The environmental movement has become so seemingly dependent on individual action that consumers are inundated with a million different choices, which actually ends up making a lot of people start to become apathetic to the cause. It feels like everyday there is a new way that humans are harming the environment. All these ways are entirely true, humans are harming the environment in innumerable ways, it’s just sometimes a crippling knowledge that leads to feeling helpless. And with every new harm, comes a different ‘real’ solution to saving the environment. It’s difficult to bind yourself to a cause that seems to constantly be regenerating ways to tell you you’re doing it wrong.

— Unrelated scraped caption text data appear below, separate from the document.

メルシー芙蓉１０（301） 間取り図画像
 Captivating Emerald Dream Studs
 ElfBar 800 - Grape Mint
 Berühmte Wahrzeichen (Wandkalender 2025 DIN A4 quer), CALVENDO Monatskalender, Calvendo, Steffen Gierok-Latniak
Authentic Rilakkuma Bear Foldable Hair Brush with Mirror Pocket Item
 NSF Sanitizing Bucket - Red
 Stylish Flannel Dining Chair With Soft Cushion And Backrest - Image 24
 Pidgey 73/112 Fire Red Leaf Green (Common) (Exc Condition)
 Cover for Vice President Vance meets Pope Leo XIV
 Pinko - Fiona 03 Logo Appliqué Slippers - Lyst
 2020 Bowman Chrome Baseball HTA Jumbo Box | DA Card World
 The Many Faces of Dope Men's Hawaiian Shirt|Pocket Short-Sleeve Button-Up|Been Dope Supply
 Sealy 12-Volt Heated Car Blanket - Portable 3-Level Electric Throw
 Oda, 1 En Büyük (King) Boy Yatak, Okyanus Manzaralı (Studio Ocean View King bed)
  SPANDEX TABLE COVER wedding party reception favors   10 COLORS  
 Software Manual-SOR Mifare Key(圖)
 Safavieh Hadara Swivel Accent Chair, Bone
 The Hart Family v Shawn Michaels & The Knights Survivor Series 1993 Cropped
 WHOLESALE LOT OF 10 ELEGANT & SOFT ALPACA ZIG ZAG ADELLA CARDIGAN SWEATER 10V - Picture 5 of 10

My community partner OPAL works with public transportation. They do so as an environmental organization because they see transit systems as a way to create more environmentally-friendly jobs, while working for social and racial justice within low-income communities. This is not going to solve all of Portland’s problems. It’s not going to make Portland completely carbon neutral, or entirely fix systematic inequality. But OPAL is making a real difference on both of those fronts and without someone chipping away at these inequities, no progress would ever be made.

I believe individual action to help the environment should be viewed in the same vein. I could’ve worked for a variety of different environmentally focused non-profits, but I chose OPAL because I am interested in the intersection of people and their environments, and wanted to spend my summer working in some capacity to ensure people’s right to a clean, safe environment. In the same way, I chose to stop eating meat because of the toll the meat industry takes on the environment. That is the carbon producer I choose to tackle. While these choices may only make a small impact, I still make them because I know that impact on the environment is positive.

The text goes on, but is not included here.